The stock markets are pretty volatile during the opening hours because the orders that were placed by traders and investors on the previous day begin to execute as soon as the markets open. It might be possible for an experienced stock trader to cherry-pick stocks that might deliver profit but amateurs must avoid trading during the first 15 to 20 minutes. Instead, you should observe the patterns and study the market during that time.

Use limit orders
Make a decision regarding the type of orders you’ll use for entering and exiting trades. You basically have two options; either you use the market orders or the limit orders. If you place a market order, it will be executed at the best price available at that time, which means that there is no price guarantee. On the other hand, if you use the limit order, you get the price guarantee but not the execution guarantee. Thus, limit order helps you trade with much more precision. You can set your own price for buying and selling.
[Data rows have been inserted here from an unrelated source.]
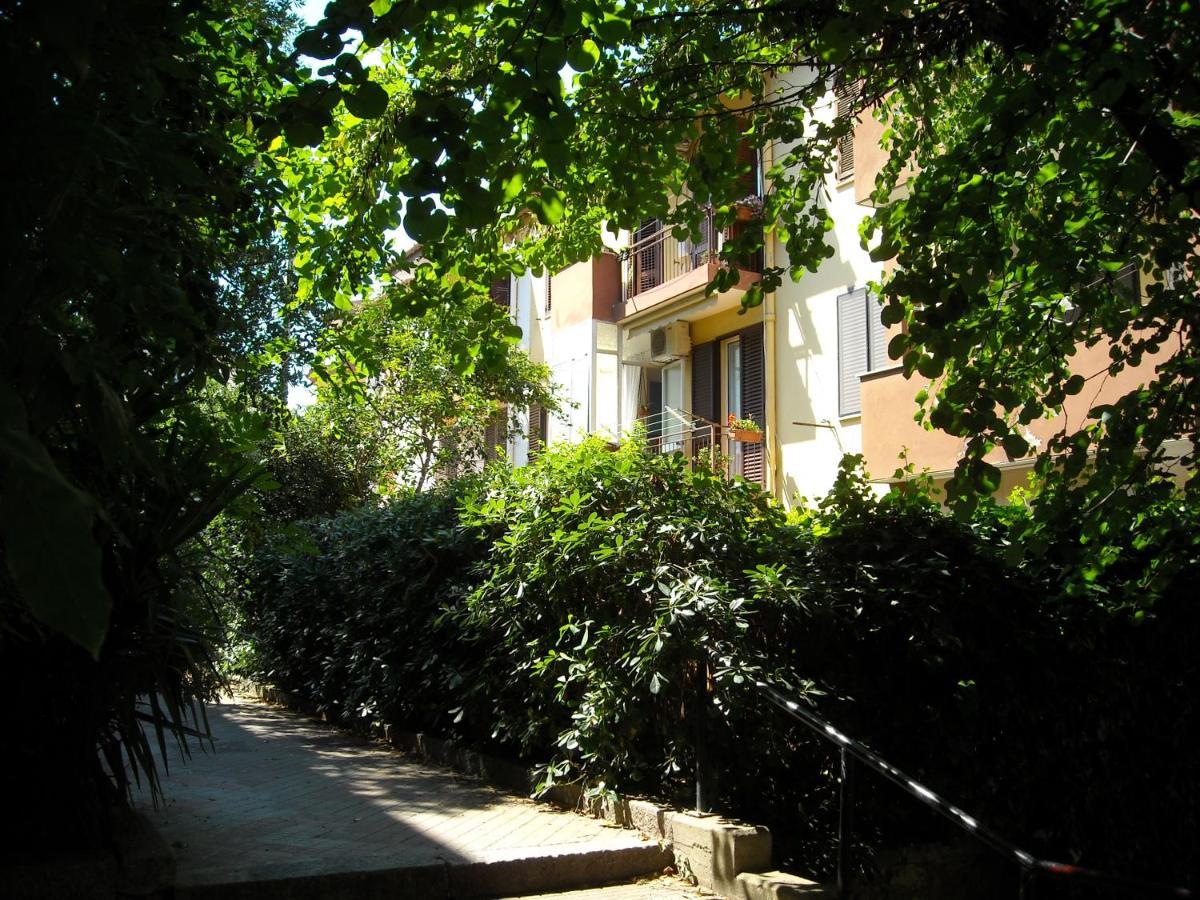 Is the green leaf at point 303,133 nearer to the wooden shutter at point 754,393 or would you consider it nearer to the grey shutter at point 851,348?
the grey shutter at point 851,348

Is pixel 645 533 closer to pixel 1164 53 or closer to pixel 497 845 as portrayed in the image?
pixel 497 845

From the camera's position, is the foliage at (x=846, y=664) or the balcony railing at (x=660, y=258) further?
the balcony railing at (x=660, y=258)

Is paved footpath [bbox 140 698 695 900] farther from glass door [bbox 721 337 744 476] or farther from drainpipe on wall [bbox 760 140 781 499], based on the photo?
glass door [bbox 721 337 744 476]

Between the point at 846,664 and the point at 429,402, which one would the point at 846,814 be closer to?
the point at 846,664

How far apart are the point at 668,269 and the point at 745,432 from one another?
4998 mm

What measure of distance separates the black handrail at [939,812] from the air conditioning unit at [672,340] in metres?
15.8

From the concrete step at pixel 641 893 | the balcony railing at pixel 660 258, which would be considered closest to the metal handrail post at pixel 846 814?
the concrete step at pixel 641 893

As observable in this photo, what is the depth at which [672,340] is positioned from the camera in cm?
2111

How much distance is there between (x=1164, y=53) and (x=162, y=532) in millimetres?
5774

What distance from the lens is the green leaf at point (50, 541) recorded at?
1.05 metres

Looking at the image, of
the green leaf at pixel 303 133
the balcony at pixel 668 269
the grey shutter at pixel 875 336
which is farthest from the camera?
the balcony at pixel 668 269

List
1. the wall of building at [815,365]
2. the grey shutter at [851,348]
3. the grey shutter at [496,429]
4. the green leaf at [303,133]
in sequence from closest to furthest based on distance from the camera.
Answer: the green leaf at [303,133]
the grey shutter at [851,348]
the wall of building at [815,365]
the grey shutter at [496,429]

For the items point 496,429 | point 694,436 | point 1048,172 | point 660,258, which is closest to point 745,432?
point 694,436

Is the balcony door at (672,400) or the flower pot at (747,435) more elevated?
the balcony door at (672,400) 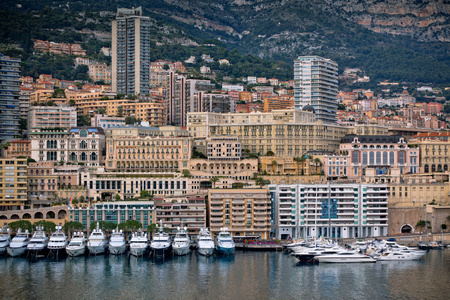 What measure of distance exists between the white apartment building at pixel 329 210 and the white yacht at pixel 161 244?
18722 millimetres

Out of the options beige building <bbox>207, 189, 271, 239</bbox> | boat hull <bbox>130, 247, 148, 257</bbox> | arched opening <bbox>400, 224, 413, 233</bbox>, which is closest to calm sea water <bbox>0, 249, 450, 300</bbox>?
boat hull <bbox>130, 247, 148, 257</bbox>

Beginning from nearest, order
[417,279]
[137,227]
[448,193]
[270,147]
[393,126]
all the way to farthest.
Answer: [417,279], [137,227], [448,193], [270,147], [393,126]

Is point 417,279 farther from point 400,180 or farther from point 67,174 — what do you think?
point 67,174

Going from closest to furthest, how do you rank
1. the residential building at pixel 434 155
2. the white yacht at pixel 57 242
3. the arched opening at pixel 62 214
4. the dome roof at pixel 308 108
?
the white yacht at pixel 57 242, the arched opening at pixel 62 214, the residential building at pixel 434 155, the dome roof at pixel 308 108

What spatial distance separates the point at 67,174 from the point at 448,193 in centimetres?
6448

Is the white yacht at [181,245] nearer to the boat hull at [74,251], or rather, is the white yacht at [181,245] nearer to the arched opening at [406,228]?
the boat hull at [74,251]

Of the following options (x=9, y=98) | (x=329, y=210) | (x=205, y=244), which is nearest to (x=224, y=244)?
(x=205, y=244)

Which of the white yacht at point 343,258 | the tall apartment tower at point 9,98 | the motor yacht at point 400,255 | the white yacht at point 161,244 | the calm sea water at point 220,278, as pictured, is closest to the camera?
the calm sea water at point 220,278

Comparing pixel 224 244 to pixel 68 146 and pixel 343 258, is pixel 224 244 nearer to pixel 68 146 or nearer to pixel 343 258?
pixel 343 258

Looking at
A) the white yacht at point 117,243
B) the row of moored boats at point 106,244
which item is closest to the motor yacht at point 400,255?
the row of moored boats at point 106,244

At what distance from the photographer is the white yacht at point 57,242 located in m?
116

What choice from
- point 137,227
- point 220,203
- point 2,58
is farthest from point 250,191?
point 2,58

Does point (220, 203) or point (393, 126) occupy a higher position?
point (393, 126)

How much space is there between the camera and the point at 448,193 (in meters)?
136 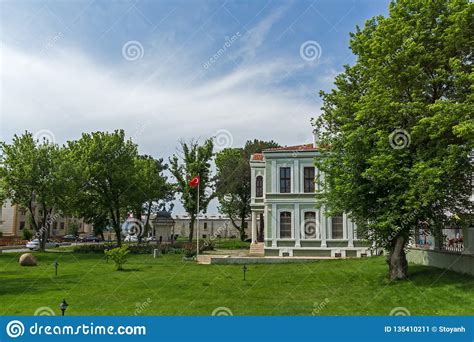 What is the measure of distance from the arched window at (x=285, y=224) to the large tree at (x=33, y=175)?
68.3 ft

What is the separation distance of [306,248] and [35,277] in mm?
17261

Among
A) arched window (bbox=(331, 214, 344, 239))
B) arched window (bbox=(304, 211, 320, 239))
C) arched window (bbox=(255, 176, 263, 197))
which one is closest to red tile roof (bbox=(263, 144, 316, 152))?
arched window (bbox=(255, 176, 263, 197))

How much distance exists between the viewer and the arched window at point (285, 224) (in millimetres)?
29625

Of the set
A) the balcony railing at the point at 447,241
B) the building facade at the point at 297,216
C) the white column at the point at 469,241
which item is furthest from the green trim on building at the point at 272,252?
the white column at the point at 469,241

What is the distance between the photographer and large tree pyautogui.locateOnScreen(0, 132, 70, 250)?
3709 cm

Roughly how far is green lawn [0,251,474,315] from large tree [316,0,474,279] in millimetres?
2268

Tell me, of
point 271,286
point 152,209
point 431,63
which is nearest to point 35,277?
point 271,286

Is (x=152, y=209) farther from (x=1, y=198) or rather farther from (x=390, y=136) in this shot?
(x=390, y=136)

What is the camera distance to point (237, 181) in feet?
166

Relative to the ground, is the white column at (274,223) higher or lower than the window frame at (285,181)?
lower

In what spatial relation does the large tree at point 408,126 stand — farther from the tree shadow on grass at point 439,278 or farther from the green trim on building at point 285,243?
the green trim on building at point 285,243

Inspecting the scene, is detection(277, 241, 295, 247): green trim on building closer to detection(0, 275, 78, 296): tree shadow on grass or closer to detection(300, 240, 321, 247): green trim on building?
→ detection(300, 240, 321, 247): green trim on building

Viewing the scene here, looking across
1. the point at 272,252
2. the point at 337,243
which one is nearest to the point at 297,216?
the point at 272,252

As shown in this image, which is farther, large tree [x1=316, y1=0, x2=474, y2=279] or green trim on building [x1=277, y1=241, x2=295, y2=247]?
green trim on building [x1=277, y1=241, x2=295, y2=247] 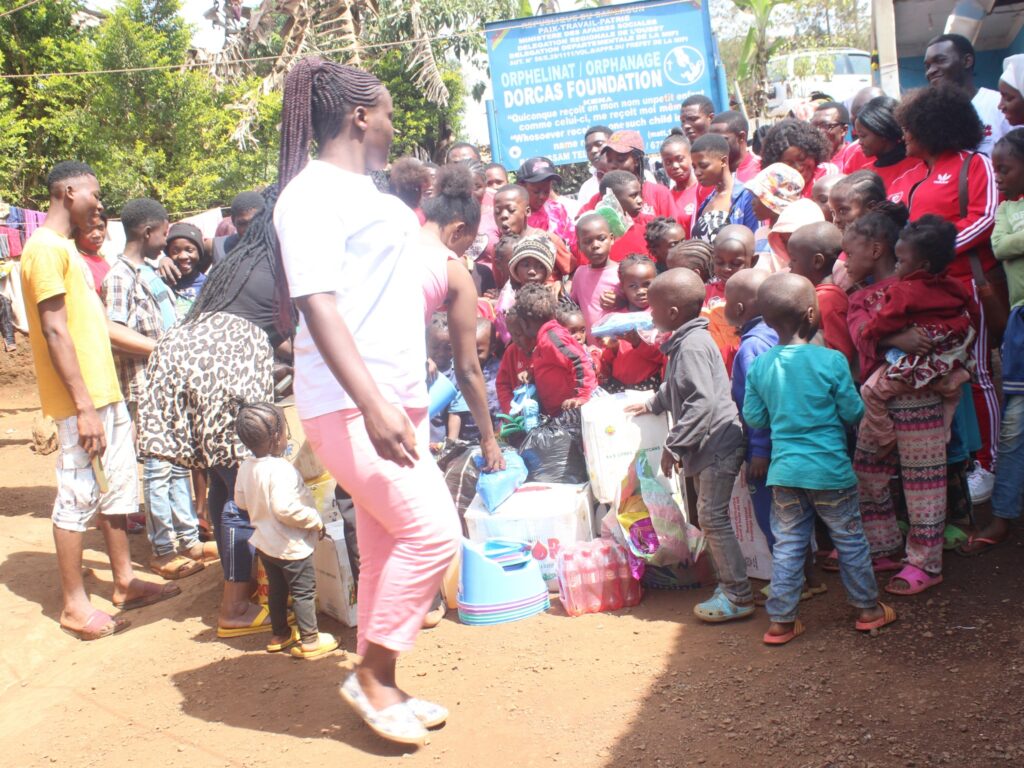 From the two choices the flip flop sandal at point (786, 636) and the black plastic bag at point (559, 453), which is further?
the black plastic bag at point (559, 453)

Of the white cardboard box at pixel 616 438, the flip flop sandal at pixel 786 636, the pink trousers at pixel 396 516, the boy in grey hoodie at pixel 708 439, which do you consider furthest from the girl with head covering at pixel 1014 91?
the pink trousers at pixel 396 516

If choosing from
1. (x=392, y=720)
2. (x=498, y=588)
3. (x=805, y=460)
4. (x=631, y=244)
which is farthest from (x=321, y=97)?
(x=631, y=244)

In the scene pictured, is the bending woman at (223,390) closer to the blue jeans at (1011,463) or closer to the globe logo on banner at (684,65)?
the blue jeans at (1011,463)

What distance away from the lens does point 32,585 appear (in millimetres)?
5434

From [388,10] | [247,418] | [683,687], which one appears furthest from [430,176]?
[388,10]

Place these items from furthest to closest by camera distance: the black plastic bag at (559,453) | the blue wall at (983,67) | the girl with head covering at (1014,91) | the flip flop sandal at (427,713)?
the blue wall at (983,67) < the black plastic bag at (559,453) < the girl with head covering at (1014,91) < the flip flop sandal at (427,713)

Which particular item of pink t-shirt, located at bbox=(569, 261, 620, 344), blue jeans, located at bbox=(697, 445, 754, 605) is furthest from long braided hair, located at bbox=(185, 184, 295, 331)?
blue jeans, located at bbox=(697, 445, 754, 605)

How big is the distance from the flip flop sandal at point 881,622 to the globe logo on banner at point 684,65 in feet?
29.6

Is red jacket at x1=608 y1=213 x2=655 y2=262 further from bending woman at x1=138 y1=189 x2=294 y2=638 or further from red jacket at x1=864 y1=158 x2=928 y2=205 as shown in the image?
bending woman at x1=138 y1=189 x2=294 y2=638

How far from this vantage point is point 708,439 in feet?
12.8

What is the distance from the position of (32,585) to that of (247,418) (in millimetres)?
2258

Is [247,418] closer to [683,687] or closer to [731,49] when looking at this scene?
[683,687]

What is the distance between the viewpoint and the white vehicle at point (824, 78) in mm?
17375

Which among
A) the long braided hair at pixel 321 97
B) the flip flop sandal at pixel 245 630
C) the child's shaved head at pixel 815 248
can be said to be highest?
the long braided hair at pixel 321 97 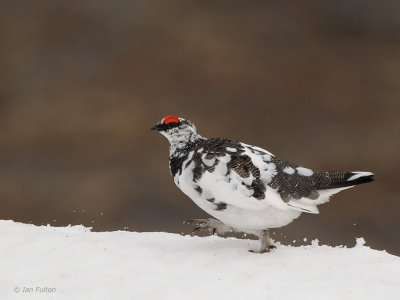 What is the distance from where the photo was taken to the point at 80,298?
3.77 metres

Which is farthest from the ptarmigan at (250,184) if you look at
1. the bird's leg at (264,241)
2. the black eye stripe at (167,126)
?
the black eye stripe at (167,126)

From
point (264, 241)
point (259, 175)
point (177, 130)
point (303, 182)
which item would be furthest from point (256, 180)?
point (177, 130)

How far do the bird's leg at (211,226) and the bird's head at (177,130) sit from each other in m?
0.66

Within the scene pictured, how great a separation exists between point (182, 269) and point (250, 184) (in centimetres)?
77

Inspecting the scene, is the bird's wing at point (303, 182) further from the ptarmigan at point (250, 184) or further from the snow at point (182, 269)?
the snow at point (182, 269)

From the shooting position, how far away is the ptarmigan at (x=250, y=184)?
4242 millimetres

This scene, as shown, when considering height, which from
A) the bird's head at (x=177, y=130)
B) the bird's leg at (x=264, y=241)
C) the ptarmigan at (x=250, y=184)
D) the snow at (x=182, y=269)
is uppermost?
the bird's head at (x=177, y=130)

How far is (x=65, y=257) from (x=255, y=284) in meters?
1.46

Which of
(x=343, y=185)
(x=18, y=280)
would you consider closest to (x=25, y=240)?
(x=18, y=280)

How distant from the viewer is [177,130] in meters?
4.60

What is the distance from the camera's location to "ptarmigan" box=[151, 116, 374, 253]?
424cm

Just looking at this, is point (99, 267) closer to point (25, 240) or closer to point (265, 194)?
point (25, 240)

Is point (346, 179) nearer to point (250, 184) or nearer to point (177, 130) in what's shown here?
point (250, 184)

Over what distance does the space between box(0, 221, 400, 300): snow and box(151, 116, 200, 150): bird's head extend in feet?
Result: 2.80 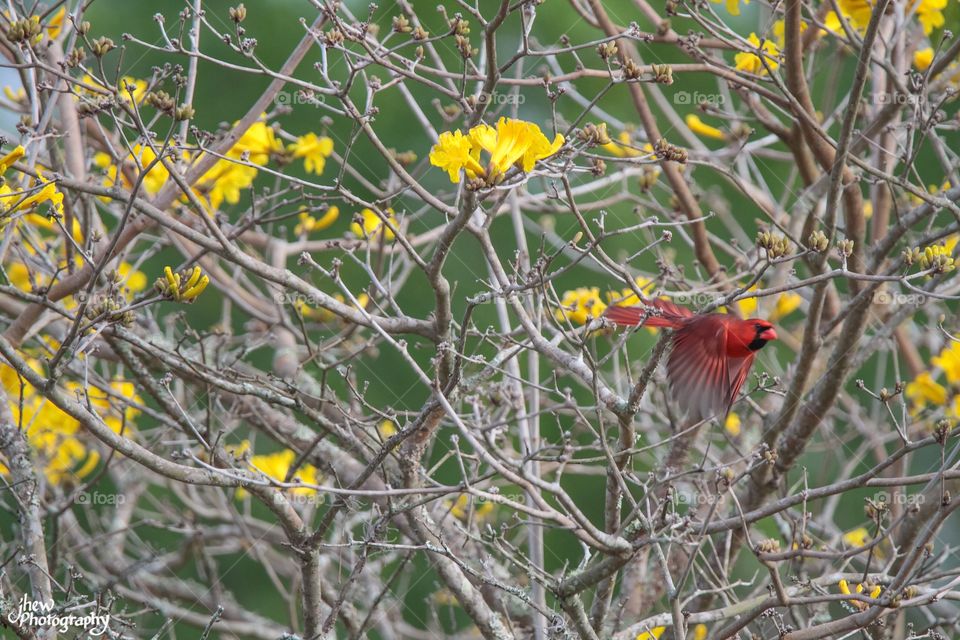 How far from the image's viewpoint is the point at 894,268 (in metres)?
2.42

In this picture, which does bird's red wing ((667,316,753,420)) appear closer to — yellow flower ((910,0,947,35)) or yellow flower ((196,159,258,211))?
yellow flower ((910,0,947,35))

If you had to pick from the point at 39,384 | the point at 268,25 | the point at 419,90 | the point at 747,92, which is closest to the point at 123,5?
the point at 268,25

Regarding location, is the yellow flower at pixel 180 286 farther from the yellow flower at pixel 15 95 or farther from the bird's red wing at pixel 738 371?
the yellow flower at pixel 15 95

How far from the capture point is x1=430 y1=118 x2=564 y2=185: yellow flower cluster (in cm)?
186

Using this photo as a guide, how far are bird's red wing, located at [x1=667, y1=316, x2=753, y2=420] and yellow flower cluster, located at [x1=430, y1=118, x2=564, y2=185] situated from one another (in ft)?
2.40

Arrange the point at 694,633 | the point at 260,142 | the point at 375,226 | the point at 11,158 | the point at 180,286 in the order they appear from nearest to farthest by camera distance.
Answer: the point at 11,158 → the point at 180,286 → the point at 694,633 → the point at 260,142 → the point at 375,226

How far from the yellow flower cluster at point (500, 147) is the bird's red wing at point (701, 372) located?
730 mm

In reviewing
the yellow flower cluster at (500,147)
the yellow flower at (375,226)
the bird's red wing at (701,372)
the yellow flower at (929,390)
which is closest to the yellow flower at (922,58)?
the yellow flower at (929,390)

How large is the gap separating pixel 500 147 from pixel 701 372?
0.91 m

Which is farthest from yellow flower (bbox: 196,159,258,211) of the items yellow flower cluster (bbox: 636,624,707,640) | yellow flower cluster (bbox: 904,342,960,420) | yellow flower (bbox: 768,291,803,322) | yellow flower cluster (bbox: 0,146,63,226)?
yellow flower cluster (bbox: 904,342,960,420)

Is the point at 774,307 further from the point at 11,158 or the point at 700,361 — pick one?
the point at 11,158

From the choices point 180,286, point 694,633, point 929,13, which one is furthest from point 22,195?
point 929,13

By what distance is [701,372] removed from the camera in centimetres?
252

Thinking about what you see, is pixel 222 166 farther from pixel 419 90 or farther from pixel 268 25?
pixel 268 25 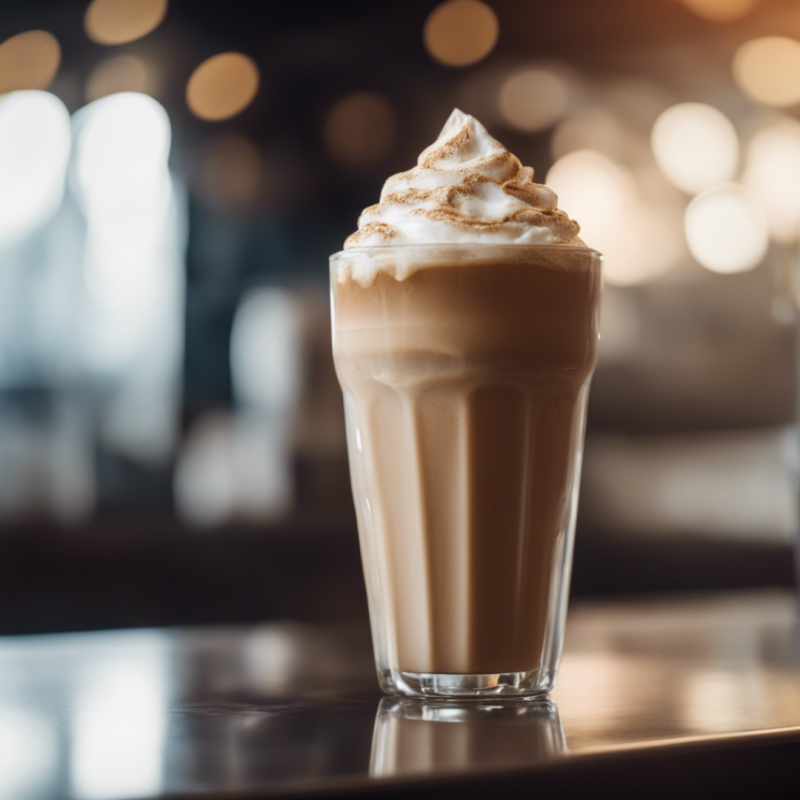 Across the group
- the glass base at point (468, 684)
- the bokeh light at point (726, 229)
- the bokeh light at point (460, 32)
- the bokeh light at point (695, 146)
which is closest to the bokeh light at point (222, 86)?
the bokeh light at point (460, 32)

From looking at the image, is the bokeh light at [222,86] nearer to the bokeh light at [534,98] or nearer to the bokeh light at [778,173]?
the bokeh light at [534,98]

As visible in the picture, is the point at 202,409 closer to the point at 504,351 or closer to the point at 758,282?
the point at 758,282

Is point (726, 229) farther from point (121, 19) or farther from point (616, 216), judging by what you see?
point (121, 19)

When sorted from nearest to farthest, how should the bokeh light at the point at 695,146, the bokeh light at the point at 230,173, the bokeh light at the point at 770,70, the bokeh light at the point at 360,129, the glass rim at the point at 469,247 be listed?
the glass rim at the point at 469,247 → the bokeh light at the point at 230,173 → the bokeh light at the point at 360,129 → the bokeh light at the point at 695,146 → the bokeh light at the point at 770,70

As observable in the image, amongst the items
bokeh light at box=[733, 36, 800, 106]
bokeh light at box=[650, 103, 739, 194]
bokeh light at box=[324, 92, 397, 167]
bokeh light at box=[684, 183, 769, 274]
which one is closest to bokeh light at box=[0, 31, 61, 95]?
bokeh light at box=[324, 92, 397, 167]

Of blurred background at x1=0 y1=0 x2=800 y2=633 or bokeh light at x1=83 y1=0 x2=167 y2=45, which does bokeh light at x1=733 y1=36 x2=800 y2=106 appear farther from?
bokeh light at x1=83 y1=0 x2=167 y2=45

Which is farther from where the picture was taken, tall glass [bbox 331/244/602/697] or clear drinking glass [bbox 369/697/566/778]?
tall glass [bbox 331/244/602/697]

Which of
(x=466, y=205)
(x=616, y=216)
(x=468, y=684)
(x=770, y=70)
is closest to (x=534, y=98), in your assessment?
(x=616, y=216) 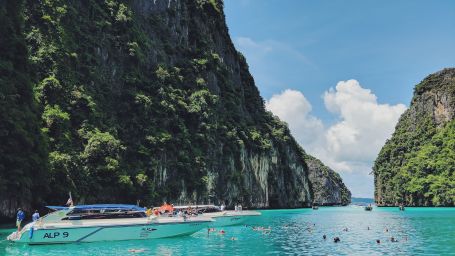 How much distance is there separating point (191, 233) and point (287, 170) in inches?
3774

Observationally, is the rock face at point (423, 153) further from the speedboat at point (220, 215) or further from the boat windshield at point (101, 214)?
the boat windshield at point (101, 214)

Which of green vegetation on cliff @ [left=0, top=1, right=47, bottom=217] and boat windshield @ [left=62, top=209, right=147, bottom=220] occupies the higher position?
green vegetation on cliff @ [left=0, top=1, right=47, bottom=217]

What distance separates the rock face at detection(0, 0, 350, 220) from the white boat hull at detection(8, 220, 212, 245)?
17.9 m

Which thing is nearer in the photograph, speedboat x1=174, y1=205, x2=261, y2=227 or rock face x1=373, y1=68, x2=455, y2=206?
speedboat x1=174, y1=205, x2=261, y2=227

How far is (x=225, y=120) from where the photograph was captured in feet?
341

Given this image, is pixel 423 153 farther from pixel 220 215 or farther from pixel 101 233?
pixel 101 233

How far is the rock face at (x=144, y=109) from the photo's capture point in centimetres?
6209

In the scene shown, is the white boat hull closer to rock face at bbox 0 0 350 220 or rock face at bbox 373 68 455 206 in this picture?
rock face at bbox 0 0 350 220

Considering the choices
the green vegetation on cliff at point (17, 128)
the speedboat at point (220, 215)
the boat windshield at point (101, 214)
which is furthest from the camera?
the speedboat at point (220, 215)

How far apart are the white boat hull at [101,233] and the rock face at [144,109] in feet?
58.9

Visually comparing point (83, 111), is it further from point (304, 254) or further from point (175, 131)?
point (304, 254)

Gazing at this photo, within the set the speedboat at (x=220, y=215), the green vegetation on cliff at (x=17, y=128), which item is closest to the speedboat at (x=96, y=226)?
the speedboat at (x=220, y=215)

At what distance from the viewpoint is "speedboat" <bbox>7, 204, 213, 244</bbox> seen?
3266 centimetres

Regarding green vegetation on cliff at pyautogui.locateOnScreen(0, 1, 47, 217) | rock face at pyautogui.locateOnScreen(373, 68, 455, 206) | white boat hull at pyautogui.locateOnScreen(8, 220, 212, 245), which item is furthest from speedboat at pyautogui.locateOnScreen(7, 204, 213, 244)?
rock face at pyautogui.locateOnScreen(373, 68, 455, 206) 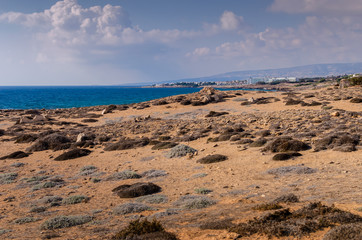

Think about generating realistic profits
Don’t fall victim to the stock market stories of doubling or tripling your money within a month or two. First lesson that you need to learn is that you don’t necessarily have to win every trade to accrue profit, and truth be told, it is impossible to win every trade. Good traders only win 50% to 605 of their trades. The trick however, is that they earn more on their wins than they lose on their defeats. Always make sure that you are only risking a small percentage of your account towards a particular trade and that you have well-defined entry and exit points in place.

Don’t panic
The stock market is a pretty volatile place and things take shape and get ruined within a matter of seconds. The best way to make profit in such a situation is to keep your emotions – fear, greed, anger, hope – at bay. Your decisions should solely be made based on logic and reasoning and not an emotional impulse.